Algunos analistas argumentan que no existirá una mayoría independiente cohesionada. Los independientes están fragmentados (por lo menos, por ahora), con una enorme heterogeneidad entre ellos. Y, por estar fragmentada, la Constituyente requerirá mucha negociación interna. Existe, sin embargo, otro factor que aumenta el nerviosismo del mercado: en noviembre de este año, el país pasará por el primer turno de las elecciones presidenciales. En diciembre, por el segundo turno. El nuevo presidente asumirá en marzo, con la Constituyente todavía en marcha. O sea, las elecciones presidenciales ocurrirán en pleno – y «volcánico» – clima de debate sobre la nueva Carta Magna.

Pateando para adelante: las semejanzas entre Chile y el Titanic

Por detrás de este fenómeno de los independientes, de la crisis de los partidos históricos y los pedidos para reformular el modelo económico (y de las manifestaciones de los últimos años), se acumulan décadas de gobiernos de derecha y de izquierda que patean para adelante los problemas sociales.

Protestos en Santiago el 29 de octubre de 2019. Foto: Shutterstock

En 2019, Chile era el país socialmente más desigual de la OCDE. Además, tenía un coeficiente de Gini de 0,45. De esta manera, era más desigual que Argentina, El Salvador, Ecuador y Uruguay.

Pero su imagen en el exterior era otra. 

Chile, de cierta forma, tiene varios paralelos con el transatlántico Titanic. El barco, incluso antes de hacer su primer (y último) viaje, tuvo una campaña de marketing que afirmaba que era un “modelo” para toda la industria naval. 

Los constructores afirmaban a pies juntillas que nunca se hundiría. Además, la empresa White Star Line exhibía el Titanic como un emblema de lujo. Lo era. Pero solo en la parte reservada a la élite, que tenía a disposición exuberantes y refinados camarotes. Sin embargo, la gran mayoría de los pasajeros, los pobres, iban apiñados como sardinas en los puentes inferiores. Poca ventilación, pocos alimentos. Además, el Titanic no contaba con un Plan B concreto para el escenario de un desastre, ya que el barco tenía pocos botes salvavidas.

Chile es una especie de Titanic social sudamericano. Tuvo mucho marketing desde los años 1990, y logró convencer a buena parte de sus vecinos de que era un modelo a seguir (mientras camuflaba sus problemas socio económicos).

En Brasil, abundaron los apologistas del estilo chileno de administrar el país y su economía.

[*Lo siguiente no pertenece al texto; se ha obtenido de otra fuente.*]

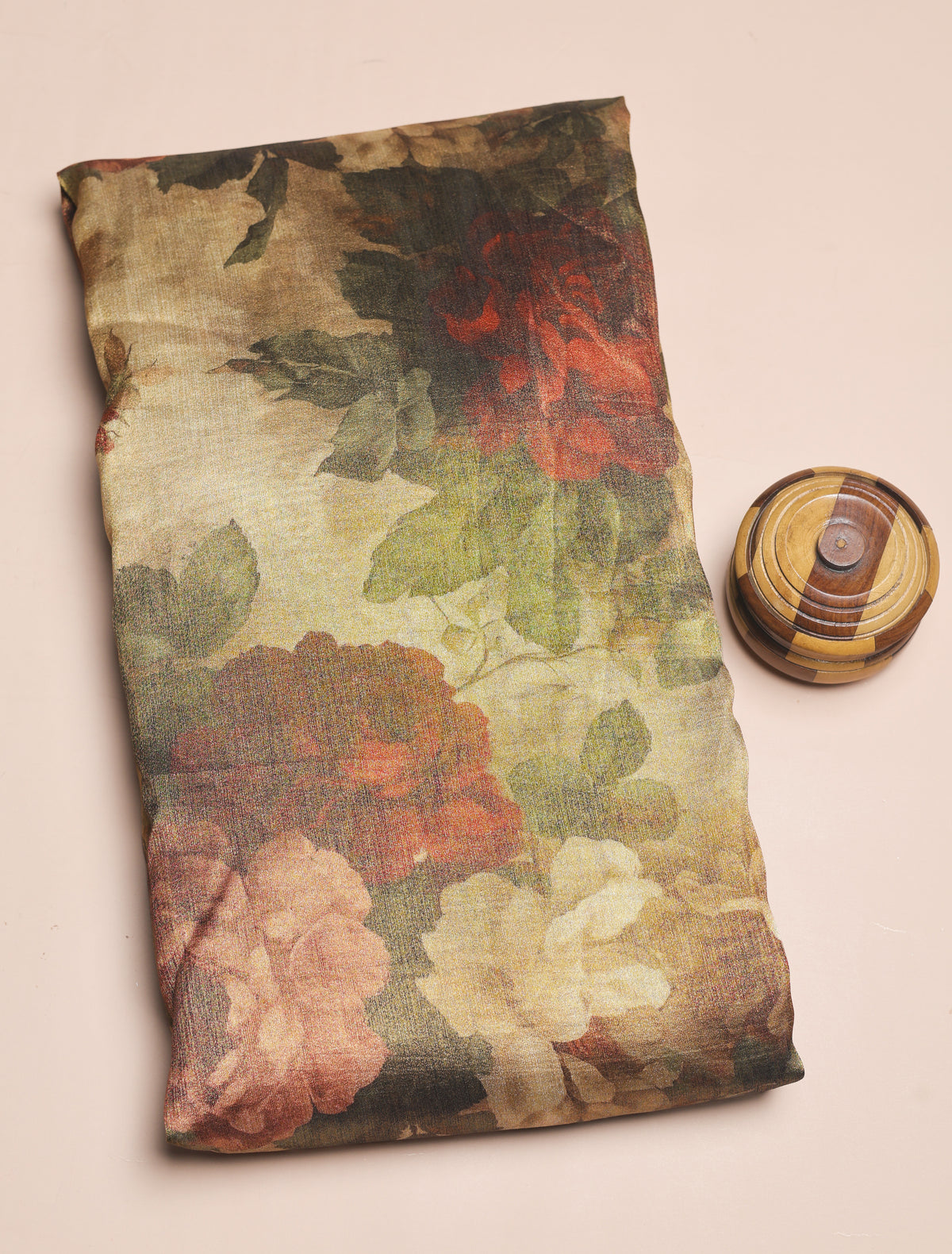 BEMBERG TISSUE SILK PRINTED FABRIC - PRE-CUT 4 MTRS PIECE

Pero entre los años 1980 y el fin de la década pasada, a pesar de su supuesta prosperidad, centenas de miles de profesionales brasileños prefirieron trabajar como fontaneros y empleados de fast-food en los Estados Unidos a intentar un puesto de ingeniero en el “Eldorado” chileno, hacia donde migró solamente un puñado de ellos.

Mutatis mutandis, los partidos oficialistas y de la oposición hicieron algo parecido a lo que hizo, en 1912, el capitán Edward Smith, comandante del Titanic, con el iceberg con el cual chocó el transatlántico. En un primer momento, consideró que la situación no era tan grave. Después, tardó en dar la orden de salvataje de los pasajeros. Y, desorientado, perdió un tiempo valioso dando órdenes ambiguas. Resultado: Smith se hundió con el barco.